### MATERIALS PROVIDED
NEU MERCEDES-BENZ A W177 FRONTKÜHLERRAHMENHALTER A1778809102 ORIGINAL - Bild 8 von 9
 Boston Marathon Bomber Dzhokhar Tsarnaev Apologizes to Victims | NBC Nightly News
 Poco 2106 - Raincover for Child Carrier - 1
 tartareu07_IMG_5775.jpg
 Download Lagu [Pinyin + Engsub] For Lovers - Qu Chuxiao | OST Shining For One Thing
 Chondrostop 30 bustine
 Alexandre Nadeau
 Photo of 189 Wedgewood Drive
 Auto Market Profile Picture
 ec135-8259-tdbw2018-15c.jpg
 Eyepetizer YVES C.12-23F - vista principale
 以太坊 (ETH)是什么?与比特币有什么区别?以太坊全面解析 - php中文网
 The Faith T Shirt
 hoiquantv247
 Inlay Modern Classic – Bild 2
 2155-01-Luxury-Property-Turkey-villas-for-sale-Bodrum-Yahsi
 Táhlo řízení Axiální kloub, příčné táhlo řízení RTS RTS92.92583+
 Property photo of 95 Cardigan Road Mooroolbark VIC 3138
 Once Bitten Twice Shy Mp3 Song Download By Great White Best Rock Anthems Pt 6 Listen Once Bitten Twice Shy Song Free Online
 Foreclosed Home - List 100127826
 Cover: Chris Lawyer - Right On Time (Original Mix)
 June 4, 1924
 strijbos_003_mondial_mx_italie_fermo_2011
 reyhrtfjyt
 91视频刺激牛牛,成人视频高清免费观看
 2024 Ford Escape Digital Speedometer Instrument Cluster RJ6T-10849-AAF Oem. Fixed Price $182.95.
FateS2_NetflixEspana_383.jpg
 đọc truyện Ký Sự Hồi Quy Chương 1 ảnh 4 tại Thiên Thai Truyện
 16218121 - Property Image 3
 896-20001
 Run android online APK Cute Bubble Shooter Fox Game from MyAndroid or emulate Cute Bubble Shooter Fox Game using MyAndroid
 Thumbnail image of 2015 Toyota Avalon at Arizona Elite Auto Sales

### PROBLEM DETAILS
Line by line, repeat the data exactly.

### SOLUTION BELOW
NEU MERCEDES-BENZ A W177 FRONTKÜHLERRAHMENHALTER A1778809102 ORIGINAL - Bild 8 von 9
 Boston Marathon Bomber Dzhokhar Tsarnaev Apologizes to Victims | NBC Nightly News
 Poco 2106 - Raincover for Child Carrier - 1
 tartareu07_IMG_5775.jpg
 Download Lagu [Pinyin + Engsub] For Lovers - Qu Chuxiao | OST Shining For One Thing
 Chondrostop 30 bustine
 Alexandre Nadeau
 Photo of 189 Wedgewood Drive
 Auto Market Profile Picture
 ec135-8259-tdbw2018-15c.jpg
 Eyepetizer YVES C.12-23F - vista principale
 以太坊 (ETH)是什么?与比特币有什么区别?以太坊全面解析 - php中文网
 The Faith T Shirt
 hoiquantv247
 Inlay Modern Classic – Bild 2
 2155-01-Luxury-Property-Turkey-villas-for-sale-Bodrum-Yahsi
 Táhlo řízení Axiální kloub, příčné táhlo řízení RTS RTS92.92583+
 Property photo of 95 Cardigan Road Mooroolbark VIC 3138
 Once Bitten Twice Shy Mp3 Song Download By Great White Best Rock Anthems Pt 6 Listen Once Bitten Twice Shy Song Free Online
 Foreclosed Home - List 100127826
 Cover: Chris Lawyer - Right On Time (Original Mix)
 June 4, 1924
 strijbos_003_mondial_mx_italie_fermo_2011
 reyhrtfjyt
 91视频刺激牛牛,成人视频高清免费观看
 2024 Ford Escape Digital Speedometer Instrument Cluster RJ6T-10849-AAF Oem. Fixed Price $182.95.
FateS2_NetflixEspana_383.jpg
 đọc truyện Ký Sự Hồi Quy Chương 1 ảnh 4 tại Thiên Thai Truyện
 16218121 - Property Image 3
 896-20001
 Run android online APK Cute Bubble Shooter Fox Game from MyAndroid or emulate Cute Bubble Shooter Fox Game using MyAndroid
 Thumbnail image of 2015 Toyota Avalon at Arizona Elite Auto Sales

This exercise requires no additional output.